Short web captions
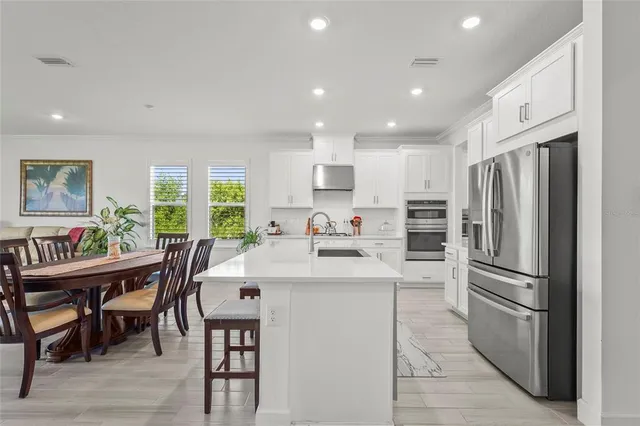 a view of a dining room with furniture window and outside view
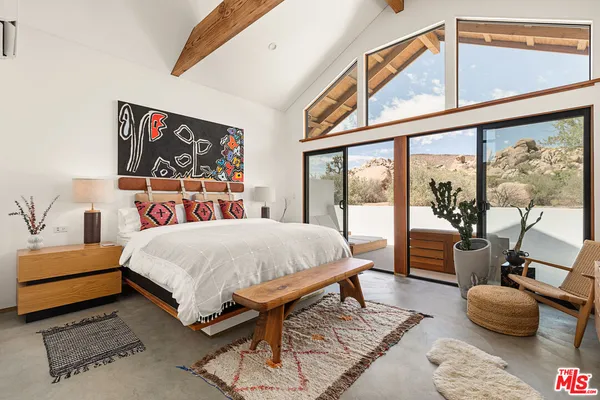 a bed room with a bed and glass door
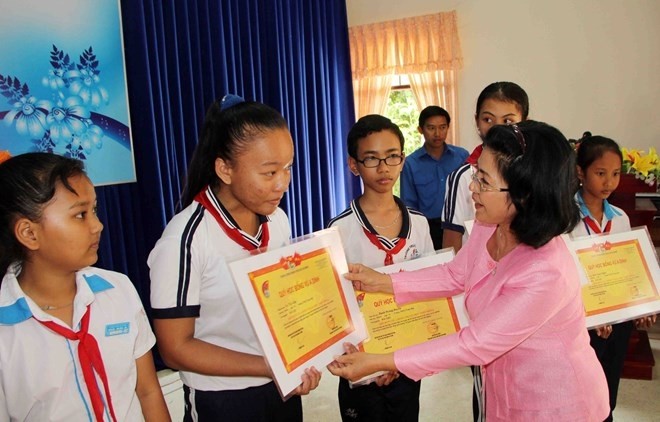 Representative from Vu A Dinh Fund presents scholarship for students. (Photo: VNA)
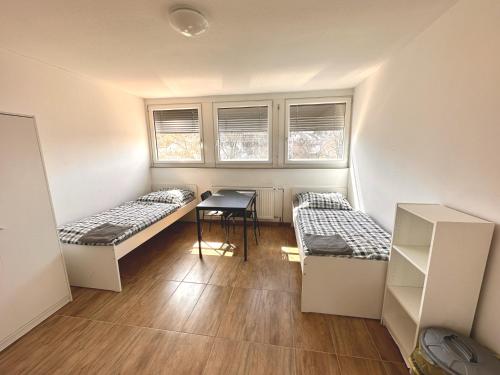a room with two beds and a table in it at Monteurunterkunft Wolkersdorf in Schwabach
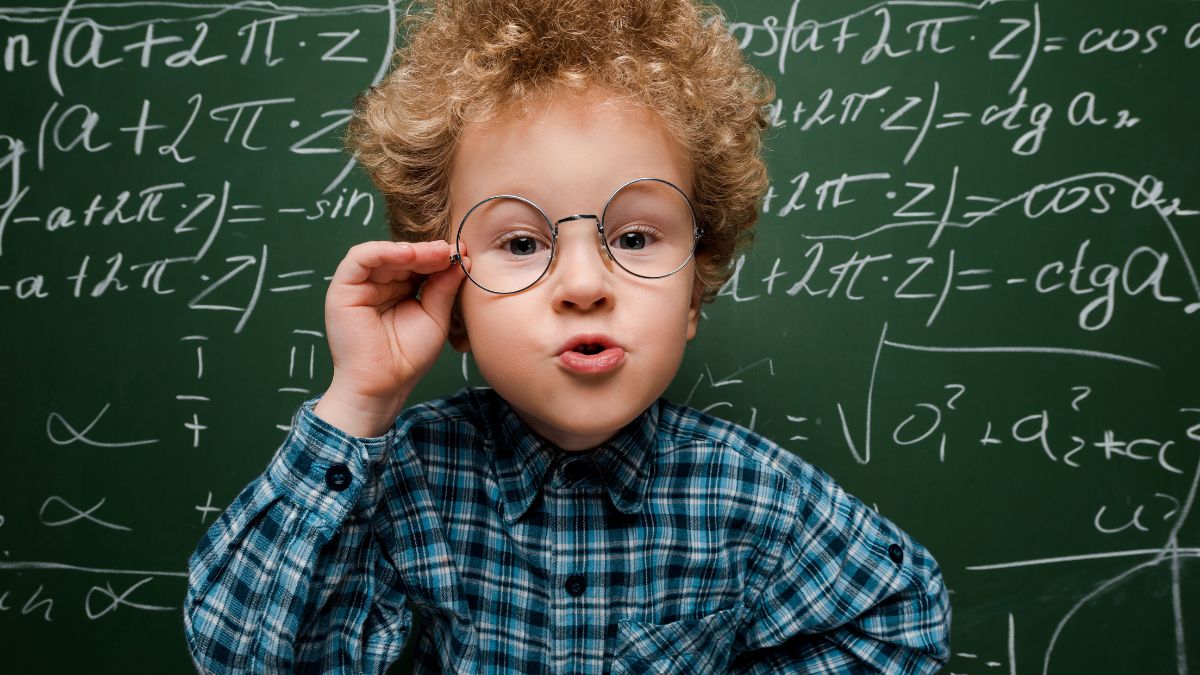 boy with glasses infront of a chalk board with math equations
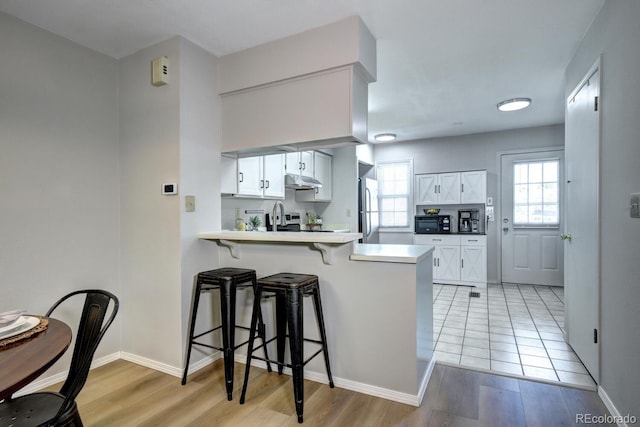 19804 Summerset Ln, Parker, CO 80138 - kitchen with freestanding refrigerator, a breakfast bar, light wood finished floors, and a peninsula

◆ **PROBLEM DETAILS**:
The required output is the exact run of lines from the start of the records through the line containing "boy with glasses", both ends included, with no pictures.

◆ **ANSWER FOR THIS EXERCISE**:
 a view of a dining room with furniture window and outside view
 a bed room with a bed and glass door
 Representative from Vu A Dinh Fund presents scholarship for students. (Photo: VNA)
a room with two beds and a table in it at Monteurunterkunft Wolkersdorf in Schwabach
 boy with glasses infront of a chalk board with math equations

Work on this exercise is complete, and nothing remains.